Newhouse alumni discuss experiences with race in media

Newhouse alumni discuss experiences with race in media

Five young alums discussed their experiences as people of color in newsrooms at the Race and Media Symposium on April 3.
Published: April 4, 2019
Race and Media symposium at Newhouse School on April 4, 2019
The Houston Chronicle's Brooke Lewis showcases some of her post-grad work on the second day of Newhouse's Race and the Media Symposium.

As part of Newhouse’s two-day Race and the Media Symposium, dozens of students and faculty members gathered in the Joyce Hergenhan Auditorium Wednesday morning to hear five Newhouse alumni speak about how they’re navigating careers in the media industry as people of color.

Brooke Lewis

Brooke Lewis, a reporter at The Houston Chronicle, discussed how as an intern she covered the story of Joseph Dowell, a former inmate at Harris County Jail. He was beginning to transform his life upon after his release, she said, when his body was found in 2017 in flooding wreckage caused by Hurricane Harvey.

“I watched this man’s life transform, and then I watched it get taken in an instant,” Lewis said. “I realized then how powerful journalism is. We have the opportunity to tell someone’s life story and make people get to know their pain and their joy.”

Lewis said only a little over two percent of black women are working journalists, and that being a black journalist comes with many difficulties.

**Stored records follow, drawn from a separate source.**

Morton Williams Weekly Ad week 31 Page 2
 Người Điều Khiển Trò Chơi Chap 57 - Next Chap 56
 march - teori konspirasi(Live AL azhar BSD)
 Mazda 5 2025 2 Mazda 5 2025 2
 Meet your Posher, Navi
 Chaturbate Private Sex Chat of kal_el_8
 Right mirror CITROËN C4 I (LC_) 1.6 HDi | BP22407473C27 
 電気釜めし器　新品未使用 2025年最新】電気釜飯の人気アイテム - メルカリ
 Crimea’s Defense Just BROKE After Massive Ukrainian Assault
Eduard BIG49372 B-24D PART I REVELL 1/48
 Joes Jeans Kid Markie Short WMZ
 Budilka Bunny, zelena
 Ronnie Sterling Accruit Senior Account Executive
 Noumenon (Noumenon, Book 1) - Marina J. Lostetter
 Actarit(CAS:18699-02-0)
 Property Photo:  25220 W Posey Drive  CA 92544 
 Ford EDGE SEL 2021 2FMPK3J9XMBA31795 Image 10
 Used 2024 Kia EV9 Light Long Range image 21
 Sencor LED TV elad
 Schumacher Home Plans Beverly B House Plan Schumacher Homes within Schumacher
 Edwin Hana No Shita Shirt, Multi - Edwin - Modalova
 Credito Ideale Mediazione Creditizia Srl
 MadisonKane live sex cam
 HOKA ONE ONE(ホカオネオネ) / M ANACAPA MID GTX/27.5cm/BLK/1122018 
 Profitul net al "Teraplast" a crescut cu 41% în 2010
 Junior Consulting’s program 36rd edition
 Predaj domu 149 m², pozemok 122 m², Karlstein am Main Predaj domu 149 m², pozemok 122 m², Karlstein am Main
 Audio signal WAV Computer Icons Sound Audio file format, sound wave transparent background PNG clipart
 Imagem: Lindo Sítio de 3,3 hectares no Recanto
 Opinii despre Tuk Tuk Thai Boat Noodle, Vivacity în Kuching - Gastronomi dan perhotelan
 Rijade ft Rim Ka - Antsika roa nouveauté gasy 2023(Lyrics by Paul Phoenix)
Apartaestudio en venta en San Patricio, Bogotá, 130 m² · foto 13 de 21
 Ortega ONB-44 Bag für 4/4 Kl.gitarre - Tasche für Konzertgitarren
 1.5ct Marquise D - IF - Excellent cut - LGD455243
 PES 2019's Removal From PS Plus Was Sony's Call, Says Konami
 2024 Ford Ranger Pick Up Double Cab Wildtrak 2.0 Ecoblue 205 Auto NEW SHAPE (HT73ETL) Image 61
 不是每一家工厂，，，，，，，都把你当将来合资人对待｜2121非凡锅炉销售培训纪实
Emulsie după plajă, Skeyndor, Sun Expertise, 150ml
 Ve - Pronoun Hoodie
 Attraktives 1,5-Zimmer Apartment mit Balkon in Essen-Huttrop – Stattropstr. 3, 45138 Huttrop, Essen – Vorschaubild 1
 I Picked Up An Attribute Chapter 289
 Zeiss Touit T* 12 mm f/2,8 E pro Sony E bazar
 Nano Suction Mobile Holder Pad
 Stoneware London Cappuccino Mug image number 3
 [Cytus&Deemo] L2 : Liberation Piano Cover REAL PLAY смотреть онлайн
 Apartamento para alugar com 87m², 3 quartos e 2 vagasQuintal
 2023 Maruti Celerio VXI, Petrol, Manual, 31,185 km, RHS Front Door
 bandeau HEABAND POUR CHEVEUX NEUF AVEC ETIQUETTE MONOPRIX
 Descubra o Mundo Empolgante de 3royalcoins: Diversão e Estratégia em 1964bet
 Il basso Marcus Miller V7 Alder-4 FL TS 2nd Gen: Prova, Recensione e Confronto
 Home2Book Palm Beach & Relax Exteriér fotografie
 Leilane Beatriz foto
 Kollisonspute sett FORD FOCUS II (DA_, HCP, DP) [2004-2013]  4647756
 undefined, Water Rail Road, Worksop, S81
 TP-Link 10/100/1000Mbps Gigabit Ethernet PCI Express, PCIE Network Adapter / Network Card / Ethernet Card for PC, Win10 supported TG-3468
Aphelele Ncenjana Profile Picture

She also said that women of color represent a little less than eight percent of employees in U.S. print newsrooms.

“For me, it can feel lonely…isolating at times,” she said. “But I realize I can’t let those feelings overtake me. It can be easy to be bitter, or even frustrated at the lack of diversity in the newsroom, but I realized instead of being bitter, the tiny changes of progress can start with me.”

Lewis also discussed a story she wrote about the discovery of 95 African American remains in Sugar Land, Texas. She reported on how the convict-leasing system was another form of slavery and often thought of how some of her own ancestors might be buried in Sugar Land.

“I realized that they had paved their way for me to get to the place I am,” Lewis said. “I had a privilege that they didn’t get to have, and that is to be able to tell peoples’ stories. I realized that this career path is actually bigger than me.”

“If you don’t forget that your voice matters, if you don’t let the frustration overtake you, if you rely on your support system — then you’ll make it in this industry. You will.”

Elliot Williams

Elliot Williams is an assistant editor at the Washingtonian Magazine and said he was one of only two black interns at the magazine when he began in 2017. When he was hired full-time, he was one of two black editorial staffers in the magazine’s 50-year history.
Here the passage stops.